Several years ago I heard that the total amount of printed information in the worlds' libraries does not exceed a few hundred petabytes. On the other hand, present estimates are that global IP traffic now amounts to about 30 exabytes per month, or about ten times the world's accumulated printed knowledge every day. By the middle of this decade should surpass 100 exabytes per month, i.e., about the entire world's printed knowledge per hour.

These datarates, and particularly their time derivatives, present the telecommunications community with major challenges. We have grown accustomed to sophisticated applications that transfer massive amounts of data. A prime example is the new breed of cellphone voice/meaning recognition that sends copious amounts of raw data back to huge servers for processing. Such applications can only continue to be efficiently and inexpensively provided if the transport infrastructure can keep up with the demand for datarates.

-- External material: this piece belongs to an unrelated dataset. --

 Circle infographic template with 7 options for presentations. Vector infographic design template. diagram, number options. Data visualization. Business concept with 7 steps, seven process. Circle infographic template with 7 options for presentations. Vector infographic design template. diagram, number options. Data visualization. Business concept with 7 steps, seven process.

And that infrastructure is simply not scaling up quickly enough. We haven't found ways to continually increase the number of bits/sec we can put into long-distance fiber to compensate for >30% annual increase in demand (although new research into mode division multiplexing may help). Moore's law is only marginally sufficient to cover increases in raw computation power needed for routers, but we will need Koomey's law for power consumption (MIPS / unit of energy doubles every year and a half) to continue unabated as well. And we haven't even been able to transition away from IPv4 after all of its addresses were exhausted!

If we don't find ways to make the infrastructure scale, then keeping up with exponential increases in demand will require exponential increase in cost.


Y(J)S